[Source information]

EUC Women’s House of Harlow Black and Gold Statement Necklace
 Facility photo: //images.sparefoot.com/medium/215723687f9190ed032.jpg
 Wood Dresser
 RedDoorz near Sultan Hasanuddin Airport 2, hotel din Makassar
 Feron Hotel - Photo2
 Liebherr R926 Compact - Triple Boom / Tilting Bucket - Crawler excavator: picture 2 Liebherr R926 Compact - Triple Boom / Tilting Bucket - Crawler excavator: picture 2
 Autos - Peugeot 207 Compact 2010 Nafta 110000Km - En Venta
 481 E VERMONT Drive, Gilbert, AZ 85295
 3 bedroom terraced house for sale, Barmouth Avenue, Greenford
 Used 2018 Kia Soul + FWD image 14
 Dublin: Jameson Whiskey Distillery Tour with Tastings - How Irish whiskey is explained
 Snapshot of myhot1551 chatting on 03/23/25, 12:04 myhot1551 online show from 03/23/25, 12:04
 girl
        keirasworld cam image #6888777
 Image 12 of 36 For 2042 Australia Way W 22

[/Source information]

> _Activity_: Please copy each line of the records above that holds the word "Compact".

> _Answer to the problem_:
 Liebherr R926 Compact - Triple Boom / Tilting Bucket - Crawler excavator: picture 2 Liebherr R926 Compact - Triple Boom / Tilting Bucket - Crawler excavator: picture 2
 Autos - Peugeot 207 Compact 2010 Nafta 110000Km - En Venta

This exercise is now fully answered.